**GOAL OF THE EXERCISE**
Set the data down again, exactly as it reads, but without the pictures.
───── INFORMATION SUPPLIED
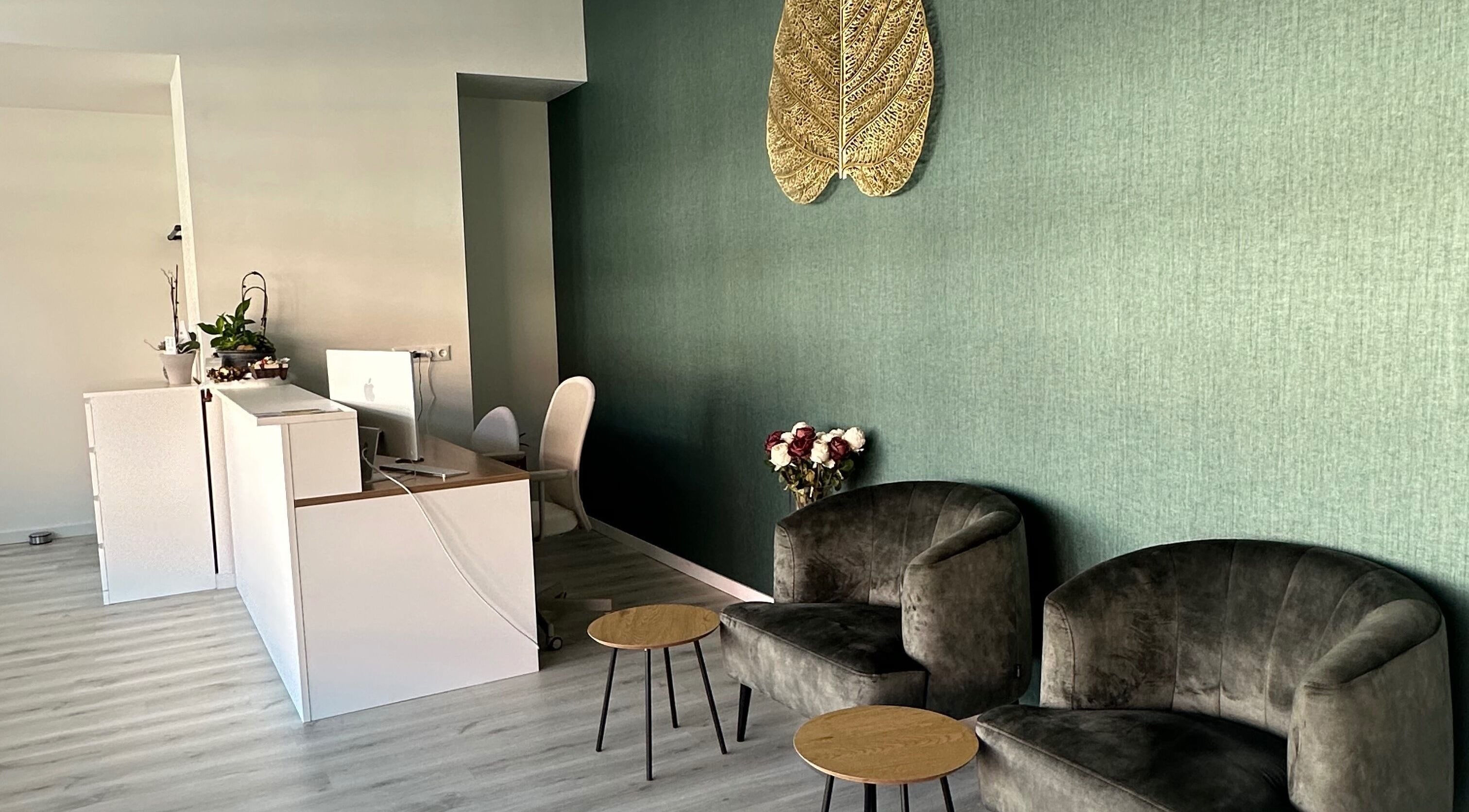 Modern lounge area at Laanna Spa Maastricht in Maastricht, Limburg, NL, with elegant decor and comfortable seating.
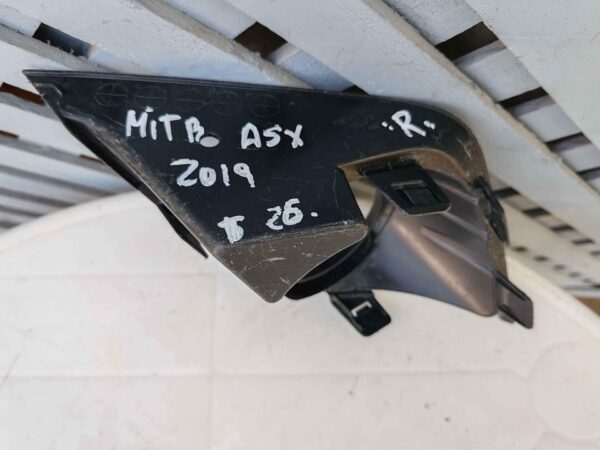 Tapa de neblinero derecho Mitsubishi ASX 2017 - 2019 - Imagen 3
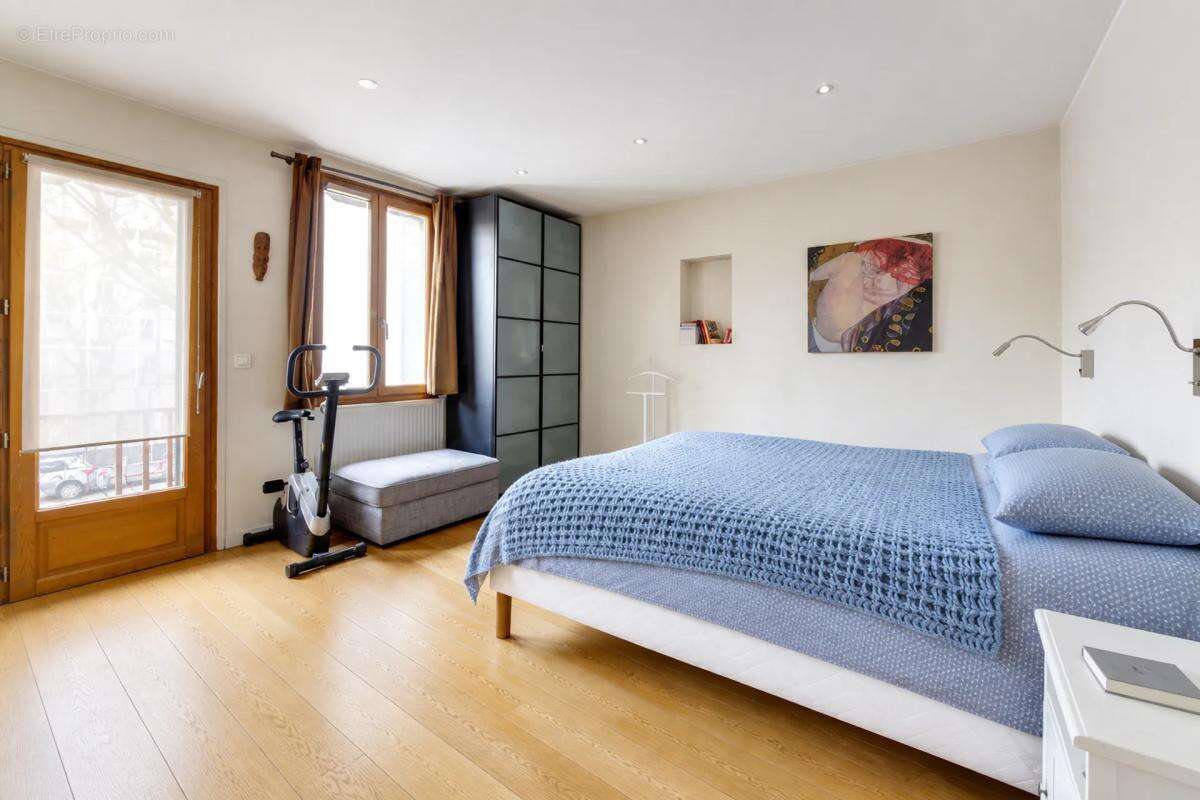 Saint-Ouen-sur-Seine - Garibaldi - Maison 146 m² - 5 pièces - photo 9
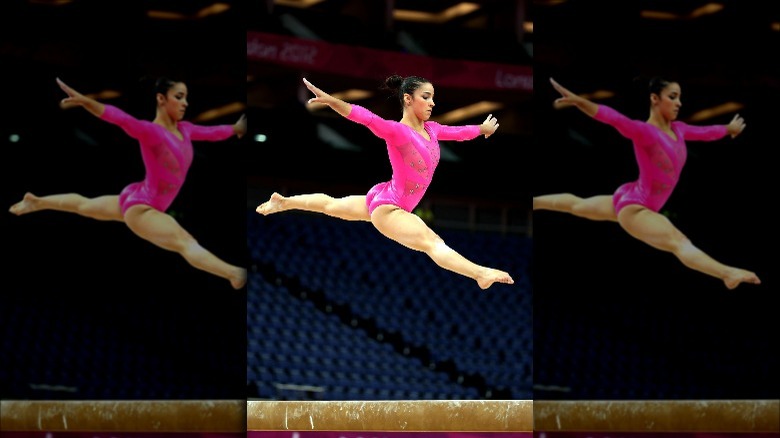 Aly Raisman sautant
──────────
**RESULT OF THE EXERCISE**
 Modern lounge area at Laanna Spa Maastricht in Maastricht, Limburg, NL, with elegant decor and comfortable seating.
 Tapa de neblinero derecho Mitsubishi ASX 2017 - 2019 - Imagen 3
 Saint-Ouen-sur-Seine - Garibaldi - Maison 146 m² - 5 pièces - photo 9
 Aly Raisman sautant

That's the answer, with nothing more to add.